• _Exercise directions_:
Starting with the line that contains "rooms-2-bedroom-suite-with-sea-view-and-balcony-or-terrace" and stopping after the line that contains "New 2026 Volvo", return each line below exactly as written, with no others.

--------------------

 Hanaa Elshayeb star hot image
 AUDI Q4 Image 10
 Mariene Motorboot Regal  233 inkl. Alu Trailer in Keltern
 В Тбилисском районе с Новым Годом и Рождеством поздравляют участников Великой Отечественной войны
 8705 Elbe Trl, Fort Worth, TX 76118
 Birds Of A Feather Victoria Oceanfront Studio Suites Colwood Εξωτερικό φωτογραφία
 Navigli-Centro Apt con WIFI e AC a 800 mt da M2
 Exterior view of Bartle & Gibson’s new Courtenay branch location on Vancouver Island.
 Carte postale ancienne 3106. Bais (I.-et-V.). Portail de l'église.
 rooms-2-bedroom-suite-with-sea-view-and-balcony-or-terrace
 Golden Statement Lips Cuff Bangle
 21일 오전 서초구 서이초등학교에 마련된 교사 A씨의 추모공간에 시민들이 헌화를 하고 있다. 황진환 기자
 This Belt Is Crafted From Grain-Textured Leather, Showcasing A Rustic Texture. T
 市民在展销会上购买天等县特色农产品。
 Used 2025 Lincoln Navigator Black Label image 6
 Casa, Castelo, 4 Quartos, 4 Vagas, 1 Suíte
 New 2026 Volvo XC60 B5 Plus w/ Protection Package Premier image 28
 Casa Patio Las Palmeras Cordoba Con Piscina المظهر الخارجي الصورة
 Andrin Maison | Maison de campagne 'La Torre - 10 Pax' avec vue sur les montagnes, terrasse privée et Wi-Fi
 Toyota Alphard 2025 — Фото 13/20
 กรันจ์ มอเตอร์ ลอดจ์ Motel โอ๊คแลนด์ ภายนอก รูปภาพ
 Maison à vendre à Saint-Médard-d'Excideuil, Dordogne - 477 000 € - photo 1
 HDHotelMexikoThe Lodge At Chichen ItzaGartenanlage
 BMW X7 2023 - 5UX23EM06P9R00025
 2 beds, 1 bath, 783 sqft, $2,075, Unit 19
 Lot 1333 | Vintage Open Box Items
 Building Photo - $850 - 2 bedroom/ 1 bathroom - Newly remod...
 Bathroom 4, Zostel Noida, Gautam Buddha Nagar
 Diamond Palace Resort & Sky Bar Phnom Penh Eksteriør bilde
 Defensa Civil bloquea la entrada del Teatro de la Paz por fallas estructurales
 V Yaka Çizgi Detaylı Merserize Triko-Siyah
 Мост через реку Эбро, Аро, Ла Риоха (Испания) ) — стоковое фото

--------------------

• _Result_:
 rooms-2-bedroom-suite-with-sea-view-and-balcony-or-terrace
 Golden Statement Lips Cuff Bangle
 21일 오전 서초구 서이초등학교에 마련된 교사 A씨의 추모공간에 시민들이 헌화를 하고 있다. 황진환 기자
 This Belt Is Crafted From Grain-Textured Leather, Showcasing A Rustic Texture. T
 市民在展销会上购买天等县特色农产品。
 Used 2025 Lincoln Navigator Black Label image 6
 Casa, Castelo, 4 Quartos, 4 Vagas, 1 Suíte
 New 2026 Volvo XC60 B5 Plus w/ Protection Package Premier image 28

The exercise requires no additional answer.